Will my 2G retro mobile phone keep working?

A few people have asked this via my eBay listings. Nothing lasts forever and of course one day the 2g signals that have been running 3 or so decades will be switched off.

We’re in a slightly better situation in the United Kingdom though. Unlike Australia (who switched off their 2g signal) and America (who plan to) in the uk we have a rather unique geographical layout that necessitates continuing 2G signal for operators to maintain their coverage % as high as possible. There is also the growth of M2M application where smart appliances for example use that part of the spectrum to operate. This is a growth area too.

So long story short… we’re good for a few years yet. Don’t write off your old handsets just yet.

More info here:

http://www.computerweekly.com/news/2240160984/Will-the-UK-turn-off-its-2G-networks-in-2017

Got a fix, repair or just a rant to share?

I’m hoping this site will expand to include more fixes and more voices than just my own.

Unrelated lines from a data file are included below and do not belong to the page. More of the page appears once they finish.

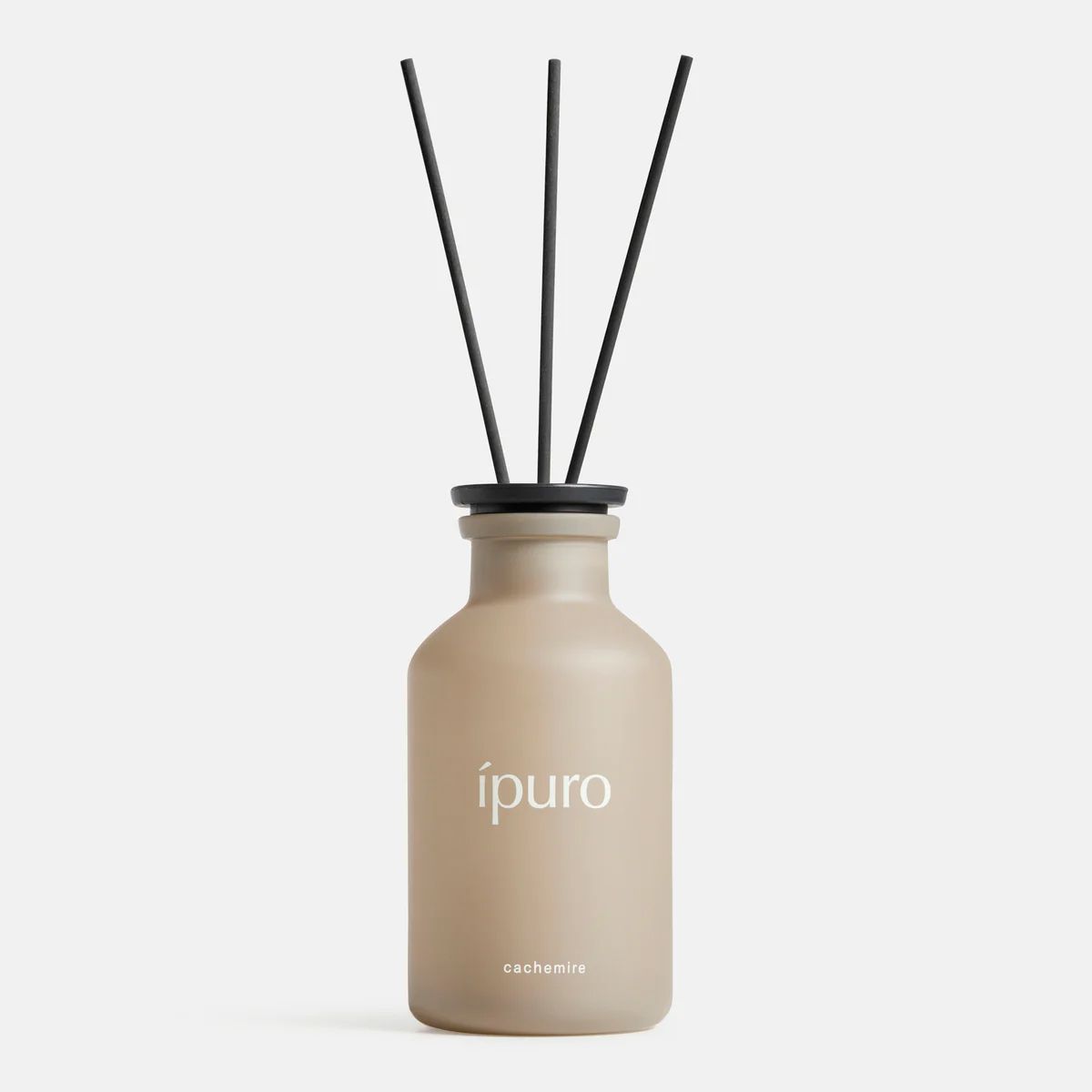 Dyfuzor zapachowy Ipuro Cachemire 240ml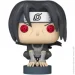  Funko pop  "" -   (80250)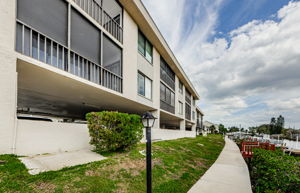 Rear Exterior 1
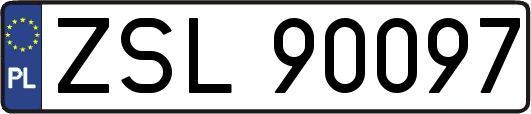 ZSL90097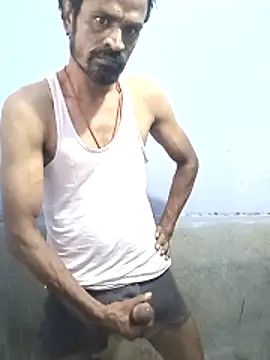 Mr xxx007xh online show from April 23, 2:07 am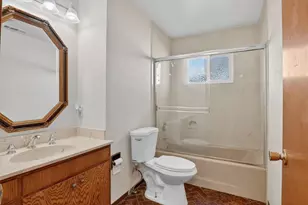 13912 Aurora Dr, San Leandro, CA 94577 - Photo 18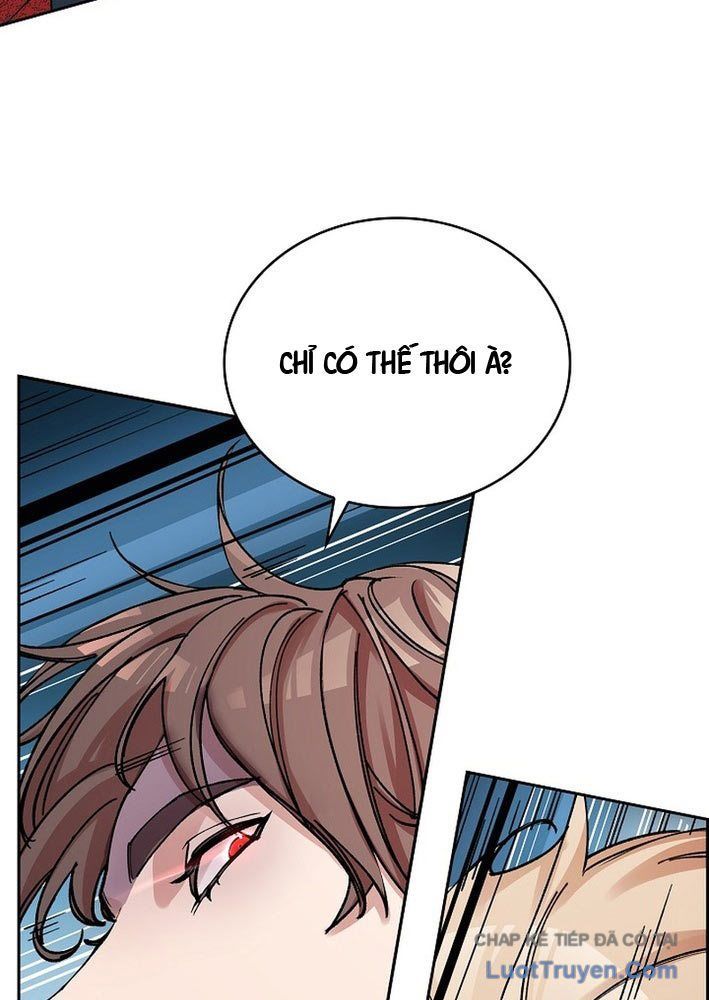 Thiên Ma Và Phù Thủy Băng Giá Chap 4 - Next Chap 5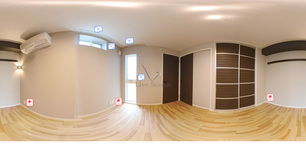 シャーメゾンバトー 302 【埼玉県草加駅】 の画像3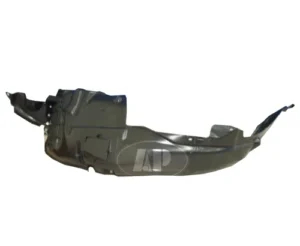 Hyundai Azera Fender Liner Front Driver Side 2006-2010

Like I was saying to a commenter just now, if you’d like to submit a retro review, a piece on your favourite handset or fixes other than my admittedly rather nokia 8110- centric how-tos… or anything else… then please leave a comment or drop me an email so I can set you up as a contributor. We’d love for you to join us.

It helps if you use the correct charger for your mobile

Ach-6


One eagle-eyed visitor noticed that although I correctly said ACH-6x (10 volt 740 mA) as the correct charger for the 8110 series mobiles on some videos, on one of them I grabbed the wrong charger and said ACP-12x (5.7v 800mA) which of course is the charger for the Nokia 7110. Apologies.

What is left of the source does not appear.